Keeping Varmint Rifle Barrels Clean
Some wild species — like the furbish lousewort flower and Kirtland’s warbler — are endangered. Others are at plague levels.
Certain rodents, for instance. Farmers plagued by rodents in their crops either poison them or let varmint shooters trim the herds. You could be one of those shooters, and on your first shoot this late spring or summer you could discover your rifles are inaccurate. That’s funny. Last year they were deadly accurate. What happened? They got dirty.
Oh, yeah. Virtually every high-volume shooter of centerfire varmint rifles knows cleaning is essential, but not all remember, especially after a long winter layoff. Hey, we’re human, and it’s all too easy to put off cleaning a rifle at the end of the season. It’s equally easy to forget at the start of a new season.

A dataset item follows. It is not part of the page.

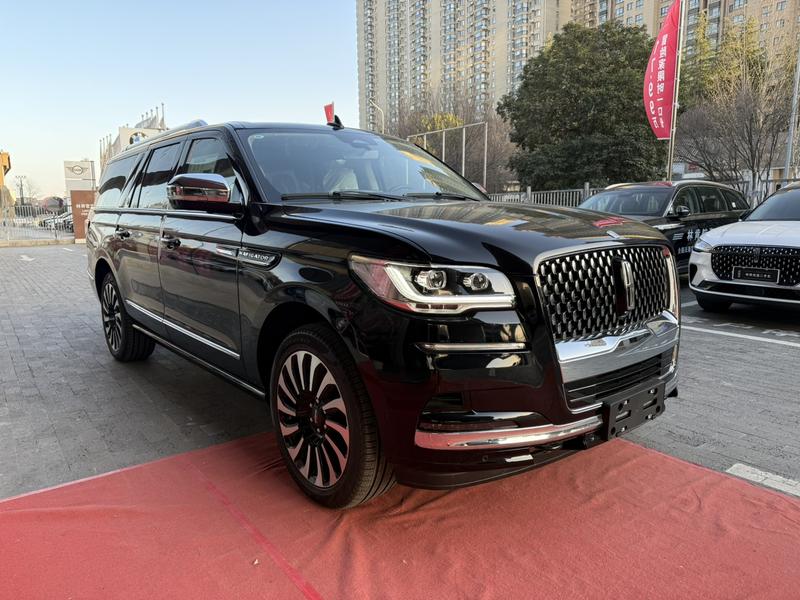 Lincoln Navigator, 2025 — фото 3 из 12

So don’t forget. Clear your varmint rifles now. And clean them well. Better than you ever have before.
I hate to accuse you, but I’m just playing the odds here. Most shooters, even the careful, finicky ones, don’t clean barrels as well as they could or should. And it’s not because they don’t try. It’s because they can’t easily see what they’re cleaning.
Peering down a .22 or even .24 bore doesn’t show you much but the first inch or two. And looking from the breech end? Forget about it. A Hawkeye borescope will give you a super magnified view deep inside, but most of us don’t own one of those. So we judge cleanliness by the “white patch” method. As the directions say, “Clean until patches come out white.”
That doesn’t always work. Follow a pristine white patch with a 10-minute solvent soak or copper solvent soak and the next patch will probably emerge gray or blue. Follow another white patch with some JB Bore Compound and more gunk emerges. You might make 50 to 100 passes down that bore with various solvents, brushes and patches and still not be clean.
So how do you know when you’re done?
Your rifle will tell you.
Clean is a matter of degrees when its done for accuracy. Some barrels shoot just as well dirty as clean. Some shoot well with copper fouling but not carbon fouling and vice versa. Some are good after a light cleaning and some insist on bare metal. But not many. Target shooters regularly fire two or three fouling shots through a clean barrel because they know a lightly fouled barrel will shoot more consistently than a super clean one.
So here’s what you need to do. Clean your varmint rifle barrels. Thoroughly. Fire a couple of fouling shots and then shoot some groups with your favorite ammo. Then go varmint hunting, keeping track of how many rounds you fire. After 10 or 20 rounds, shoot another test group. Do the same after every additional 20 rounds. Eventually you’ll learn how dirty your barrel has to get before accuracy falls below your acceptable level. Then you’ll know when to clean it.